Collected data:
###

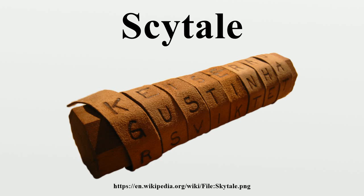Encrypting: Suppose the rod allows one to write four letters around in a circle and five letters down the side of it. The plaintext could be 'Help me I am under attack.' To encrypt, one simply writes across the leather: _ H E L P M _ _ E I A M U _ _ N D E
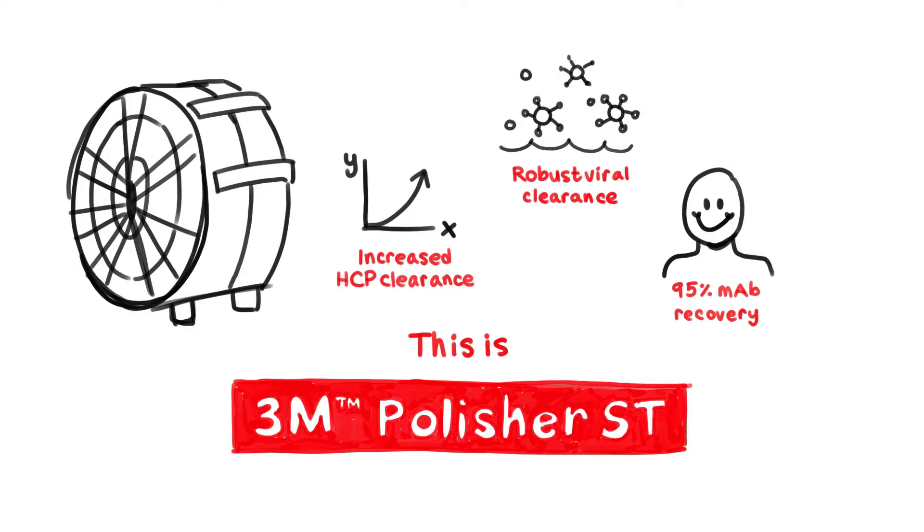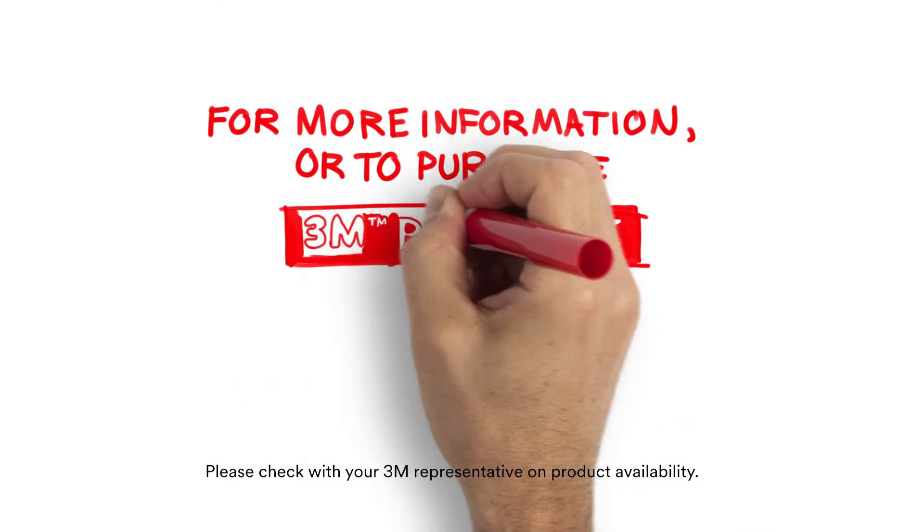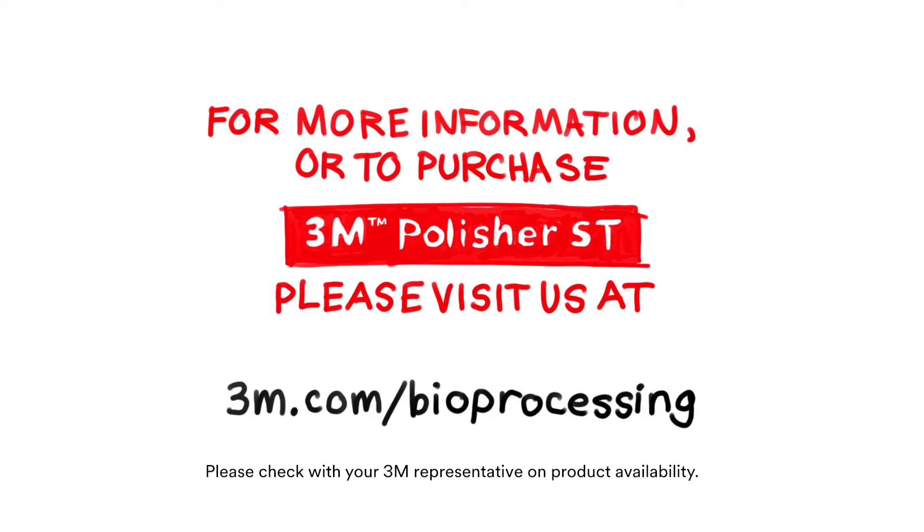This is 3M Polisher ST. For more information or to purchase 3M Polisher ST, please visit us at 3M.com/bioprocessing.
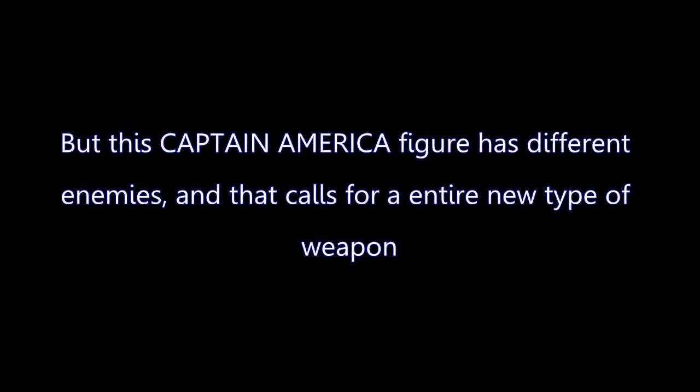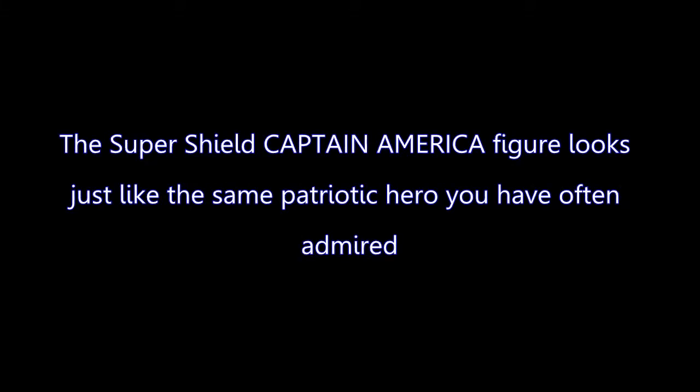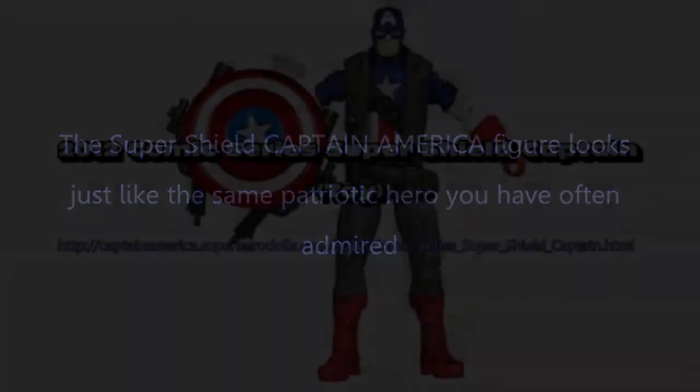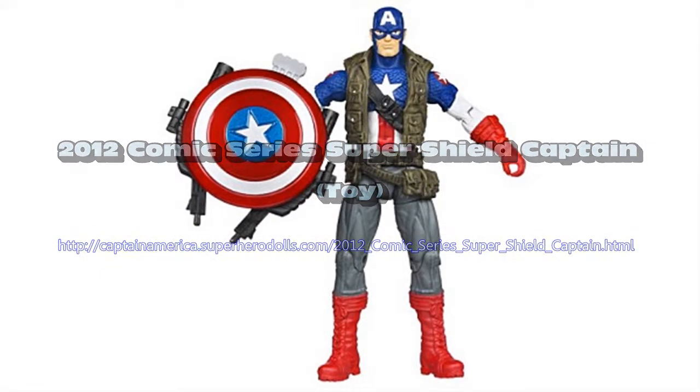The Super Shield Captain America figure looks just like the same patriotic hero you have often admired. He is ready for anything and your Super Shield Captain America figure will take your battles to the next level. Super Shield Captain America.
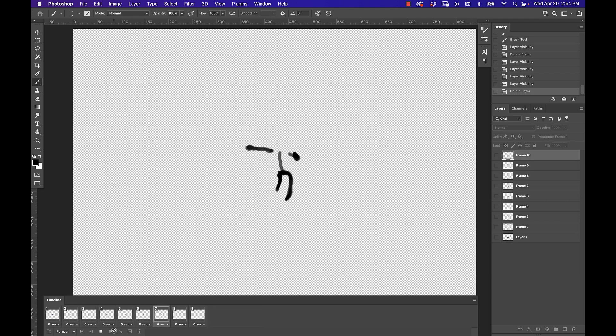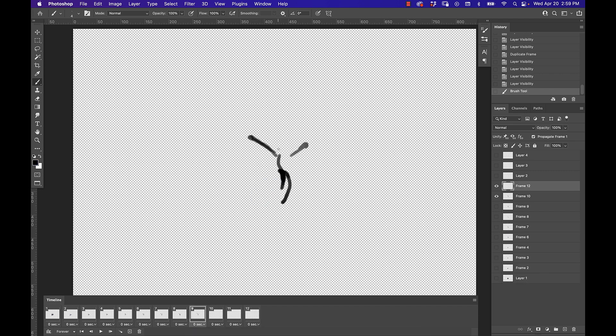After making a few significant changes to the stick figure, I start going back and playing through it - is this getting fluid motion? When it's a stick figure, that's the time to figure out if I need to jut that leg out more, or if the arms are falling before the legs start falling. I might even cut some frames if it's going too slow, because fewer frames means it's going to be more punchy and move faster. I've got about eight or nine frames at this point.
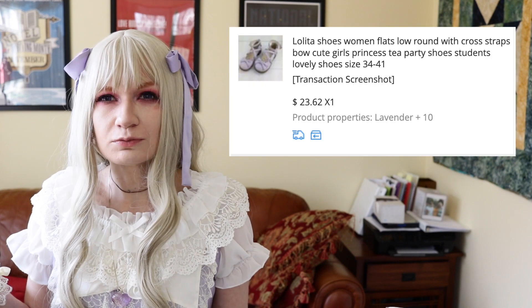So today we're going to be reviewing some Honeycherry tea parties. They're in lavender and I've been hearing a lot about Honeycherry. They are a legitimate AliExpress reseller, so they are very attainable and also really cheap. I think these were $23 with shipping.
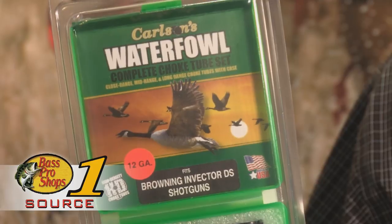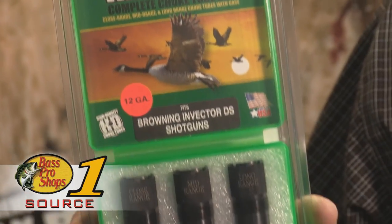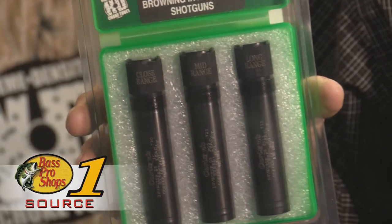The close range tube is an IC constriction and you can shoot all steel shot through it. The mid range is a modified constriction. It will shoot tighter with a steel shot load. You can shoot all steel shot loads through the mid range constriction.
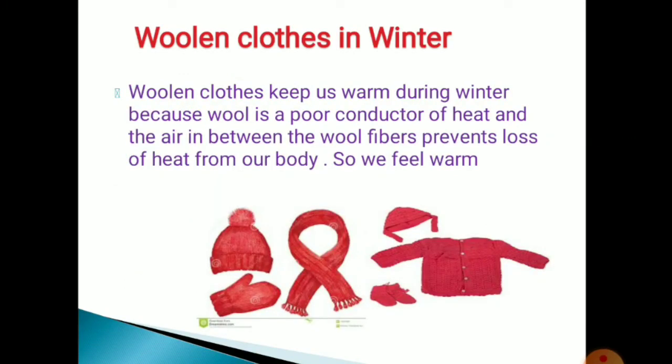What about woolen clothes? Woolen clothes — which season do we wear them in? In winter season. Why do we wear woolen clothes in winter? Woolen clothes keep us warm during winter because wool is a poor conductor of heat, and the air in between the wool fibers prevents the loss of heat from our body, so we feel warm.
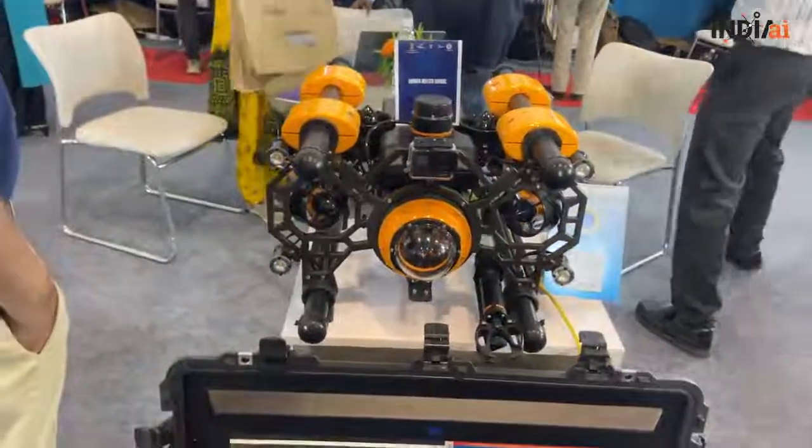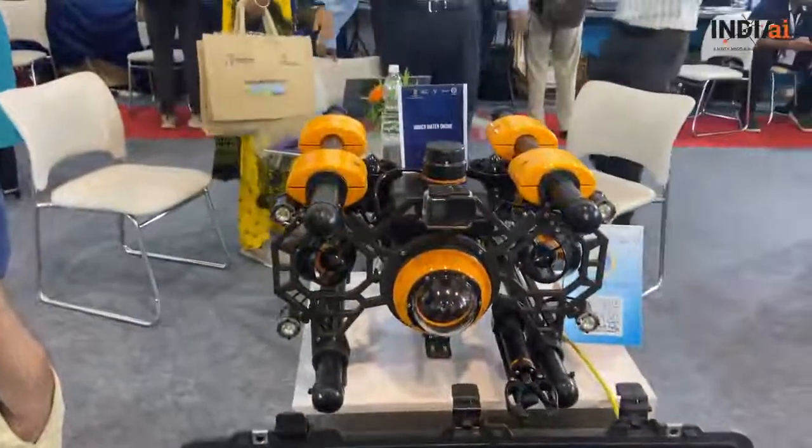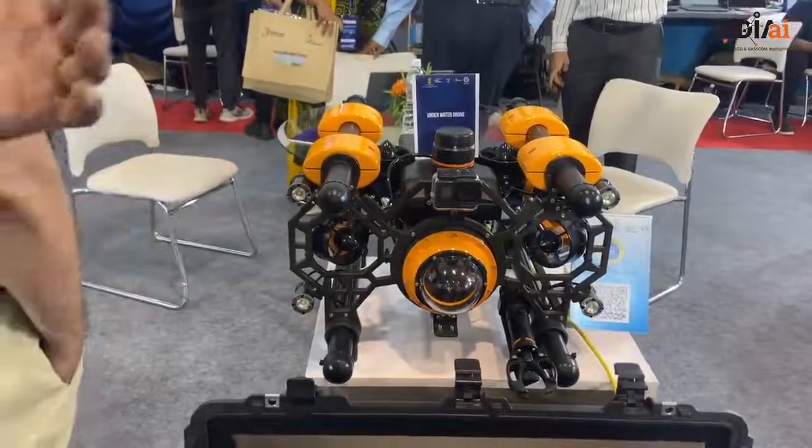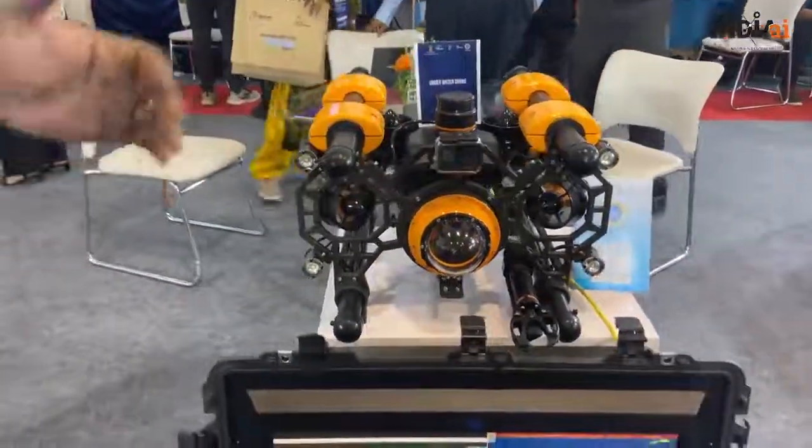This is a two-man deployable rugged version of an underwater controller — an Observation Class ROV. Depending upon the use case and the multiple payloads required, we can modify this.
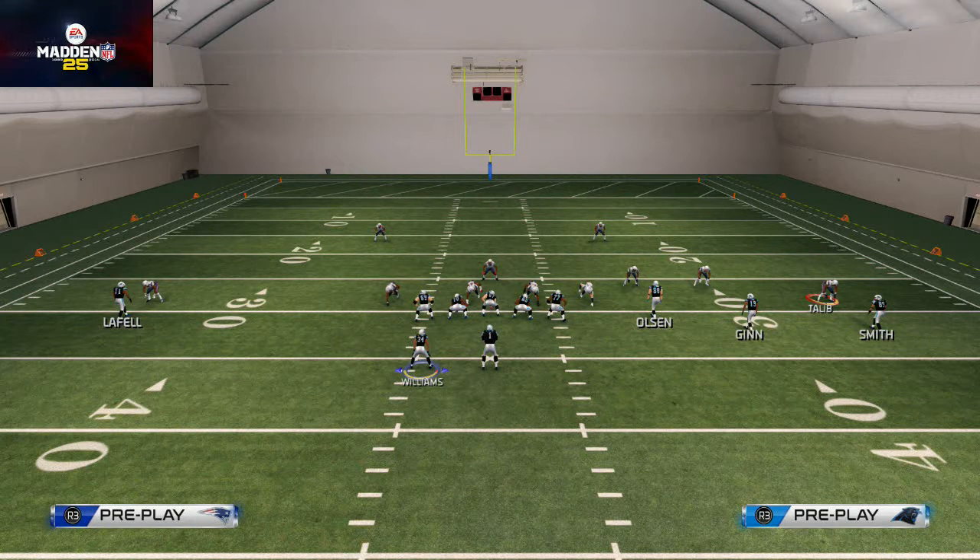Now we're on Williams — you see how I can go left and right. How you move him in motion is by using the d-pad. You either want to push the d-pad to the left or to the right, depending on where you want him to go.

###

WHAT IS NEEDED:
The records above must be printed exactly; the pictures stay out.

YOUR RESPONSE:
Encrypting: Suppose the rod allows one to write four letters around in a circle and five letters down the side of it. The plaintext could be 'Help me I am under attack.' To encrypt, one simply writes across the leather: _ H E L P M _ _ E I A M U _ _ N D E
This is 3M Polisher ST. For more information or to purchase 3M Polisher ST, please visit us at 3M.com/bioprocessing.
The Super Shield Captain America figure looks just like the same patriotic hero you have often admired. He is ready for anything and your Super Shield Captain America figure will take your battles to the next level. Super Shield Captain America.
After making a few significant changes to the stick figure, I start going back and playing through it - is this getting fluid motion? When it's a stick figure, that's the time to figure out if I need to jut that leg out more, or if the arms are falling before the legs start falling. I might even cut some frames if it's going too slow, because fewer frames means it's going to be more punchy and move faster. I've got about eight or nine frames at this point.
So today we're going to be reviewing some Honeycherry tea parties. They're in lavender and I've been hearing a lot about Honeycherry. They are a legitimate AliExpress reseller, so they are very attainable and also really cheap. I think these were $23 with shipping.
The close range tube is an IC constriction and you can shoot all steel shot through it. The mid range is a modified constriction. It will shoot tighter with a steel shot load. You can shoot all steel shot loads through the mid range constriction.
What about woolen clothes? Woolen clothes — which season do we wear them in? In winter season. Why do we wear woolen clothes in winter? Woolen clothes keep us warm during winter because wool is a poor conductor of heat, and the air in between the wool fibers prevents the loss of heat from our body, so we feel warm.
This is a two-man deployable rugged version of an underwater controller — an Observation Class ROV. Depending upon the use case and the multiple payloads required, we can modify this.
Now we're on Williams — you see how I can go left and right. How you move him in motion is by using the d-pad. You either want to push the d-pad to the left or to the right, depending on where you want him to go.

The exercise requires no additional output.